What you will do:
Would you please repeat, word for word, only the lines from the one holding "Polo Shirt Balts Symbols" through the one holding "Blusa señora estampada" in the material below, without the pictures?
** Extracted records follows **
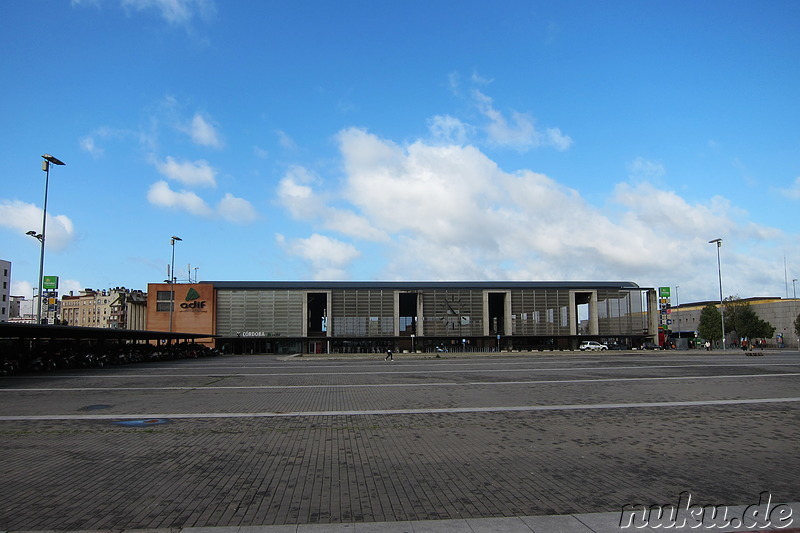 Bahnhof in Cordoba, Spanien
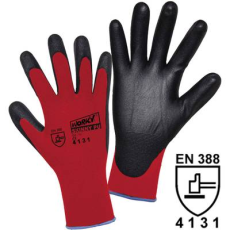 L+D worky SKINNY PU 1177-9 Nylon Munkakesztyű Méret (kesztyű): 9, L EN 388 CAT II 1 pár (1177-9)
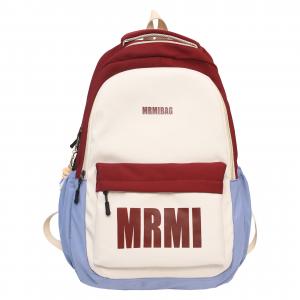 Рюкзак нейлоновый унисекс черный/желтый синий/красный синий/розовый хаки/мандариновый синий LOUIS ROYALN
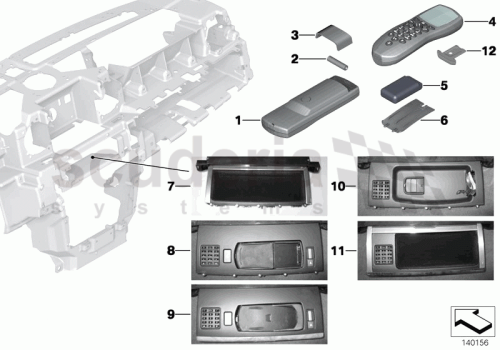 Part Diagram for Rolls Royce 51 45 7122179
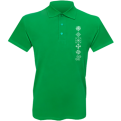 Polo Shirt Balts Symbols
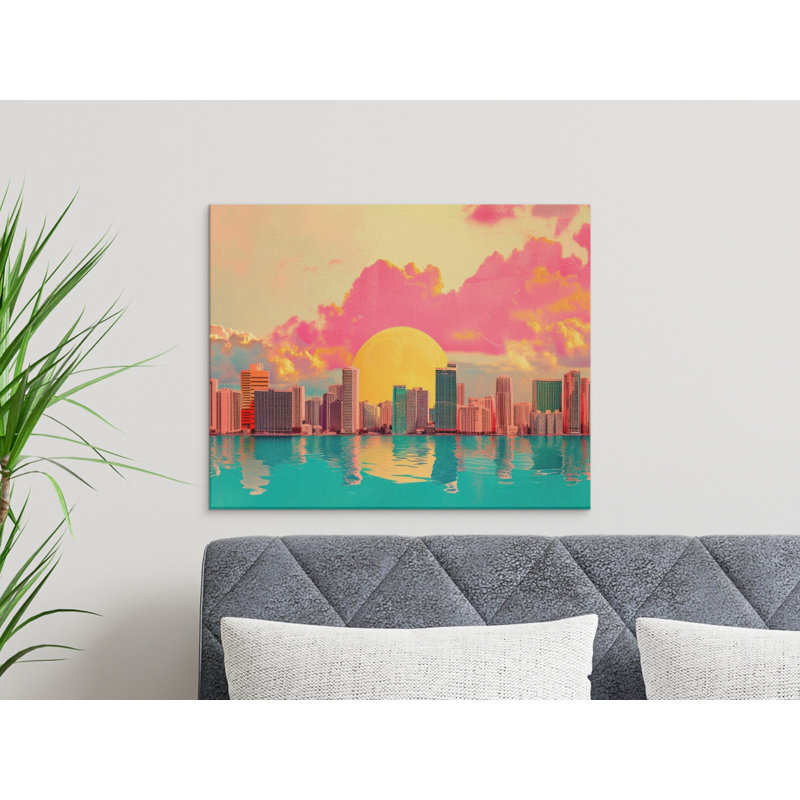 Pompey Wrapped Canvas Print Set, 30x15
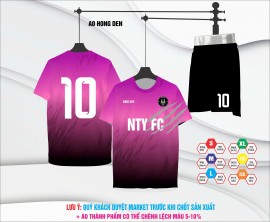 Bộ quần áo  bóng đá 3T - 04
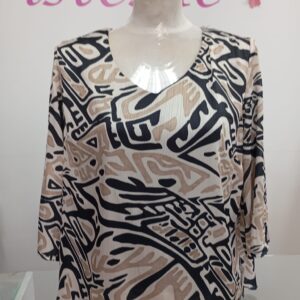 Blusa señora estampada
** End of Extracted records **
** Extracted records follows **
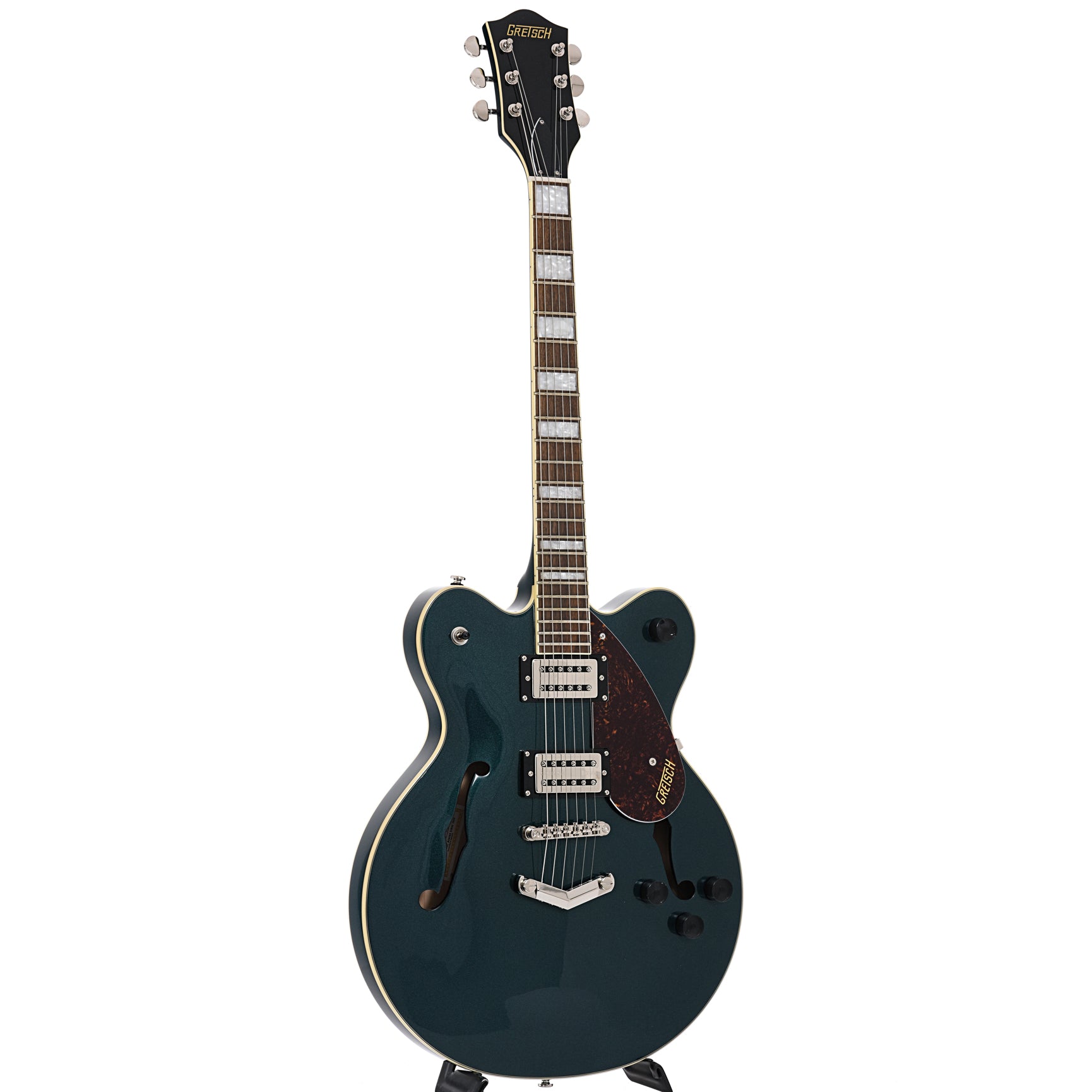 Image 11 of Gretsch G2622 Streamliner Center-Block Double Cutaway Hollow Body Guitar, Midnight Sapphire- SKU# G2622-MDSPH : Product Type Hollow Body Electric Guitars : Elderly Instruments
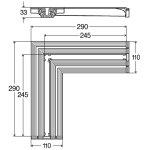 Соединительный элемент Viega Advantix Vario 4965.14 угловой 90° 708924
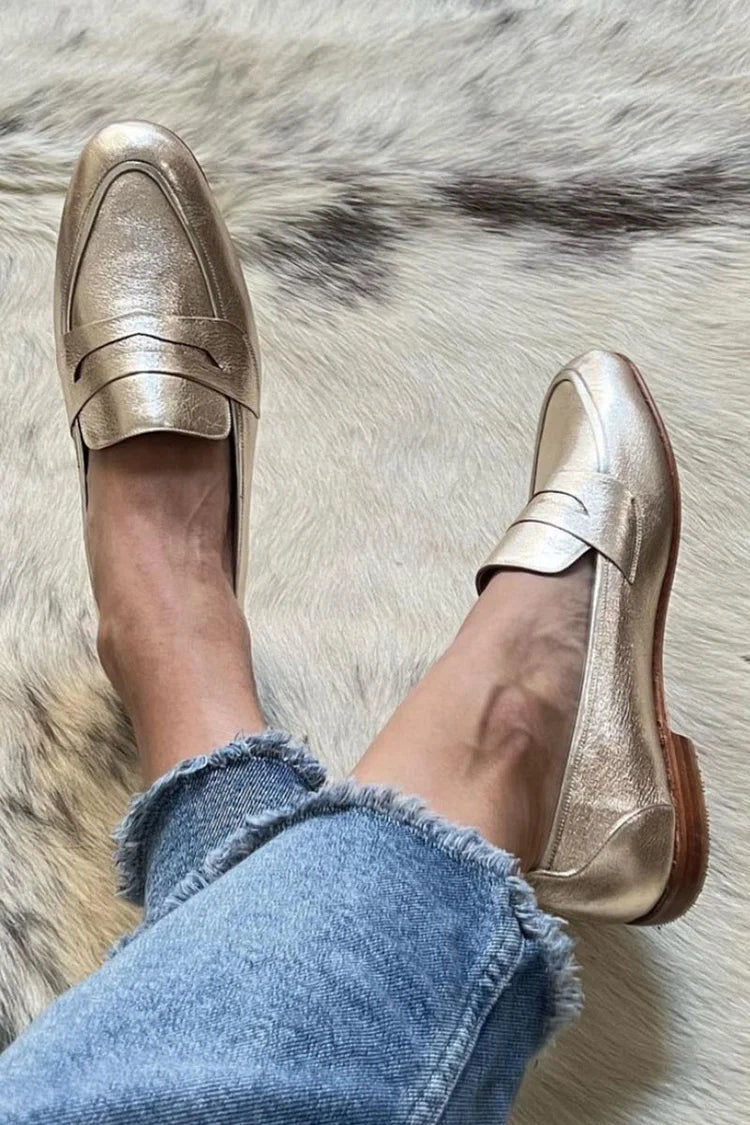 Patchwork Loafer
** End of Extracted records **
Task result:
 Polo Shirt Balts Symbols
 Pompey Wrapped Canvas Print Set, 30x15
 Bộ quần áo  bóng đá 3T - 04
 Blusa señora estampada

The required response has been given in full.